Nicholas Lemann’s absorbing new history of American meritocracy, The Big Test, contains an interesting anecdote about William F. Buckley’s inadvertent role, while an undergraduate at Yale during the late 1940s, in helping that university restrict the number of Jews and Catholics it admitted. Here is how Lemann tells the story (on page 142):

One year the Connecticut legislature got the idea of forbidding universities to ask for information about the religion of applicants. [Yale President A. Whitney] Griswold persuaded the student editor of the Yale Daily News, William F. Buckley, Jr., to go up to Hartford and testify against the bill; Griswold told him such information would be indispensable for the Yale Archives (though Buckley, an opponent of government regulation, didn’t need to be persuaded very hard). A few days later, when Buckley told Yale’s Catholic chaplain about his political mission, the chaplain broke the news to him that Yale maintained a ceiling of 13 percent on Catholics and on Jews and that was why they needed to ask the question.

Lemann got one detail wrong: Griswold didn’t become Yale’s president until a few months after Buckley graduated, so the president in question would have been Griswold’s predecessor, Charles Seymour.

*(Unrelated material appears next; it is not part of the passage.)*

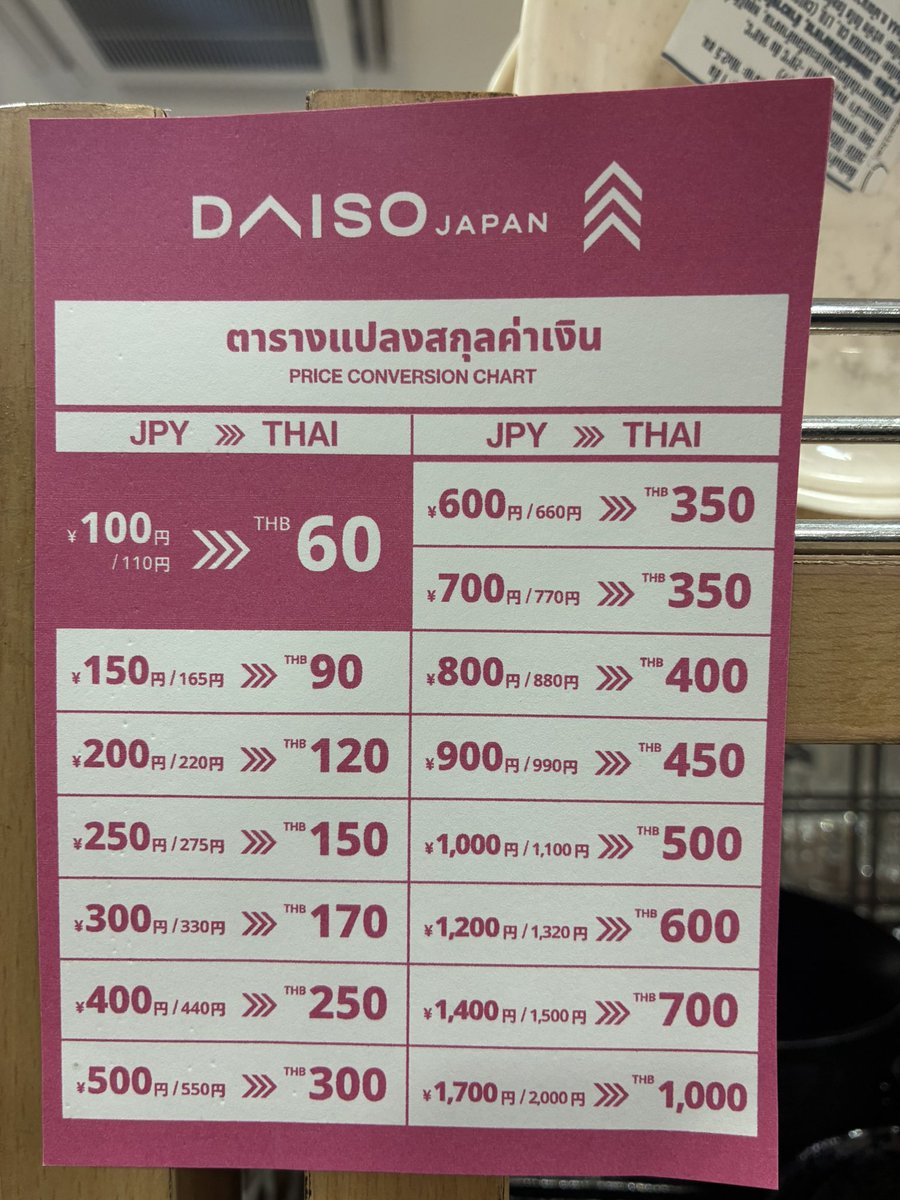 その辺のミャオ🇹🇭 tweet media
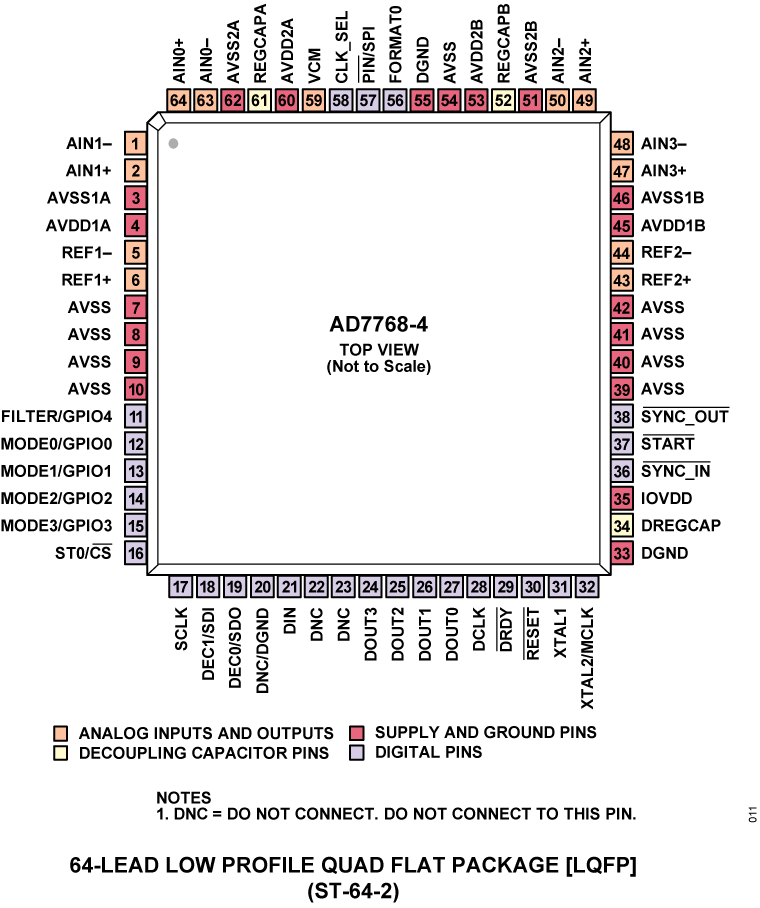AD7768-4 Pin Configuration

When Chatterbox asked Buckley about this intriguing story–which apparently has never been told before, except in a footnote to Dan A. Oren’s 1985 book Joining The Club: A History of Jews and Yale–Buckley was a little hazy about the details:

I met with Charles Seymour, ex officio as chairman of the Yale News, once every week. I can’t exactly remember whether it was he who asked me to go to Hartford or whether it was [Yale’s lawyer, Frederick] Wiggin. I do remember at one point Seymour telling me that it was ridiculous not to ask an applicant what religion his was, since “colleges are historical research facilities.” I exactly remember going to see Yale’s counsel, the formidable Mr. Wiggin, who asked why I opposed the law. I gave the libertarian answer and he said, “You’re wrong. The legislature can do anything it wants to do provided it isn’t unconstitutional.” He instructed me, in effect, not to stress my own libertarian line, but simply to say I had no reason to suppose that Yale had quotas.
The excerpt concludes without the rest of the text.